A Quick Word On Prigozhin’s ‘Accidental Coup’

This time last year, geopolitical observers were beginning to question their assumptions about an inevitable Russian socioeconomic calamity.

Against the odds, it looked as though the country might survive the most aggressive sanctions regime ever assembled in the post-War period without suffering a collapse. Vladimir Putin’s Russia, some said, could exist in perpetuity as a pariah state with limited access to hard currency and few allies.

Fast forward 12 months and some sort of collapse once again appears inevitable.

The Western media spent the last 72 hours chasing the Wagner rebellion story like a convoy of personal injury attorneys following an ambulance. That’s understandable. It’s the biggest story on the planet. By contrast, I’ve adopted what I believe to be a more prudent approach, given the sheer amount of ambiguity involved and the high risk of inadvertently amplifying false narratives while attempting to make sense of the nonsensical.

Generally speaking, my original assessment held up well. For all the fanfare and digital ink devoted to Yevgeniy Prigozhin’s “accidental coup,” as Masha Gessen called it, very little in the way of new information has come out of Russia since Saturday.

Some commentators continue to suggest it was all a ploy — that Putin has some master plan. Although I wouldn’t want to write such narratives off entirely, after three days, I do think it’s relatively safe to say this was every bit the fiasco it seemed. Here, in brief, is what likely happened.

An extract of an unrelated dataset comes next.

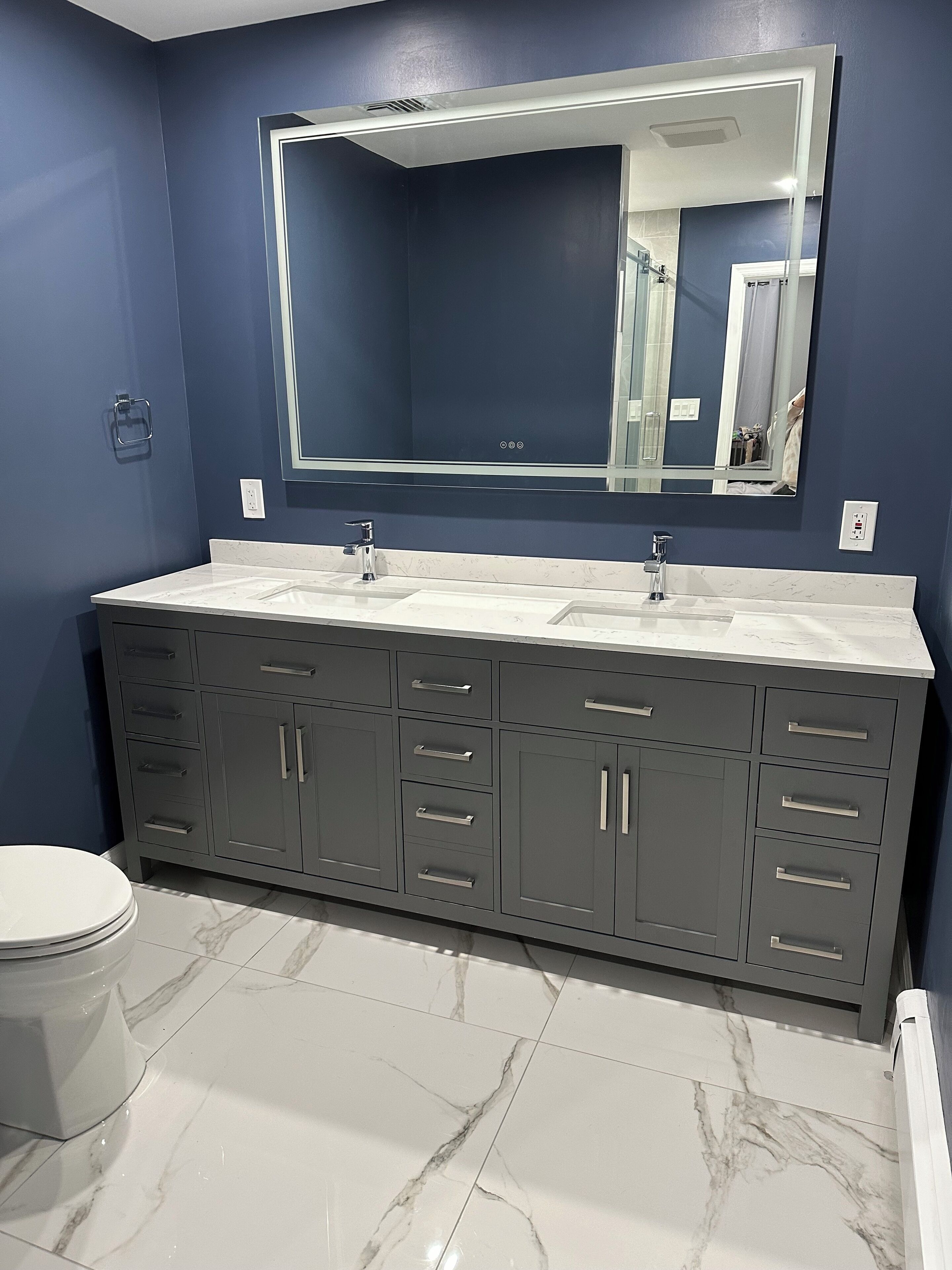 A bathroom with a dark blue wall, a large mirror, a white countertop, and a grey cabinet with multiple drawers.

Prigozhin believed, rightly or not, that a looming deadline for volunteer fighters to sign contracts with the Russian Defense Ministry was aimed at dismantling Wagner or, perhaps worse in Prigozhin’s mind, subsuming it under the top-down authority of his bête noire, Sergei Shoigu.

Ahead of the deadline, Prigozhin decided to preempt what he viewed as an existential threat by staging a mutiny. Or a “march,” as he called it. A march with heavy weapons and armored vehicles. He wanted Shoigu gone, and he apparently believed he could achieve that without plunging Russia into chaos. He might’ve also believed, or been led to believe, that at least some within the military ranks supported him.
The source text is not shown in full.